8. Method of manufacturing solid bouillon tablets, including the stage of preliminary preparation of the dry mixture of powdered ingredients containing, in wt.% by weight of the total tablet, up to 80%, preferably from 4 to 80% ground filler and up to 95% not filler, spraying, wt.% by weight of the total tablet, 1 to 20% oil and possibly fat on a previously prepared dry mixture, followed by stirring; and tableting the final mixture, according to which, in wt.% by weight of the total tablet, from 4 to 35%, preferably from 4 to 20% of a coupling agent in wt.% by weight of the total oil and grease up to 40%, or preferably up to 30%, more preferably up to 20 or even up to 10%, most preferably up to 5 or up to 1% of the Ira is added to the previously prepared dry mix or oil.

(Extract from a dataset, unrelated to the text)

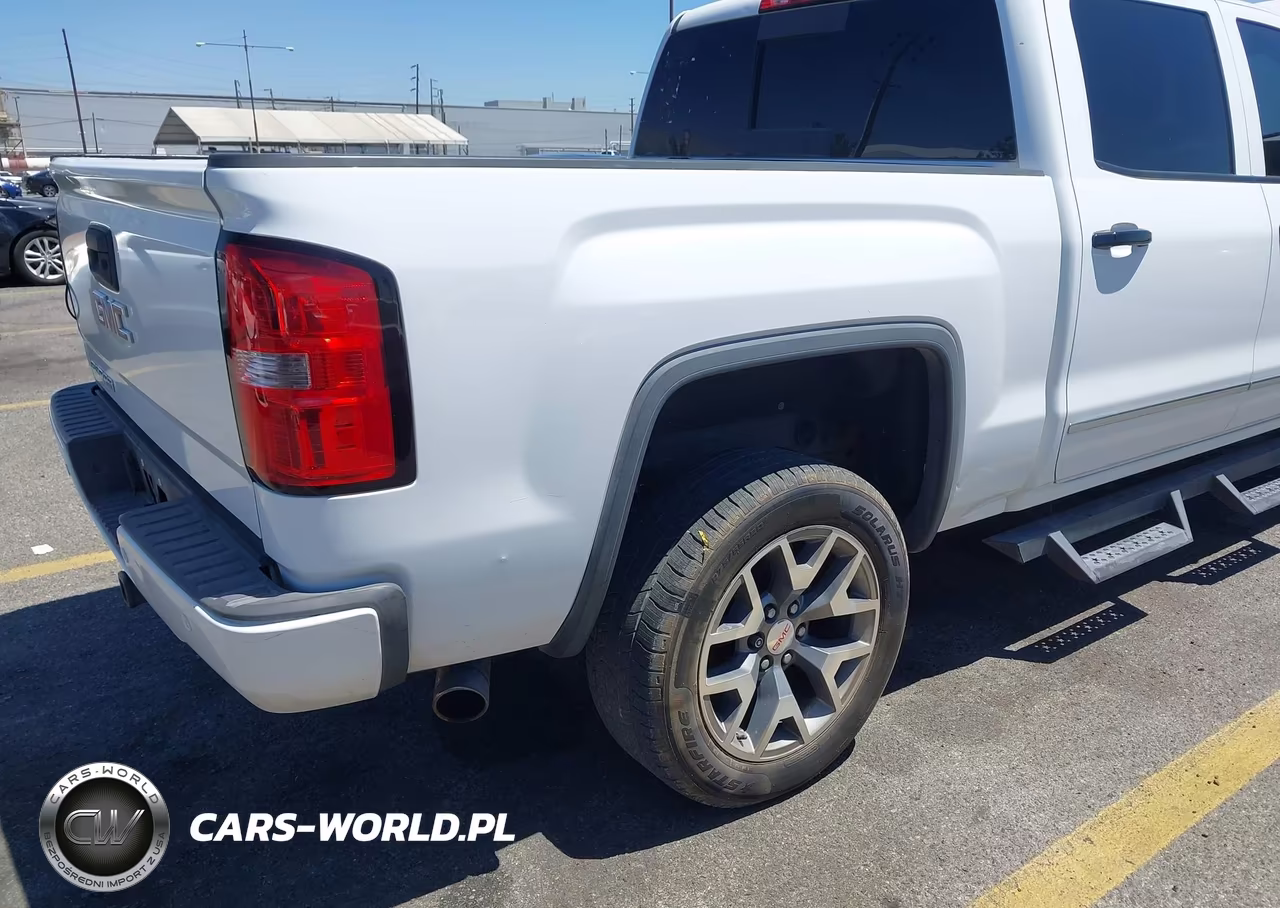 2014 GMC Sierra 1500 Slt VIN:3GTU2VEC0EG202576 - 6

9. The method of claim 8 which further includes the addition of dried vegetables, leafy herbs and spices, flavorings and/or plant extracts prior to the dry mixture or a mixture of previously prepared dry mixture and oil.

10. The method according to claim 8 or 9, in which pre-prepared dry mixture contains as a binder agent from 10 to 20% of a maltodextrin having the indicator DE from 10 to 60, preferably from 20 to 50, and from 0.8 to 1.2% of water is added in the form of an emulsion in oil.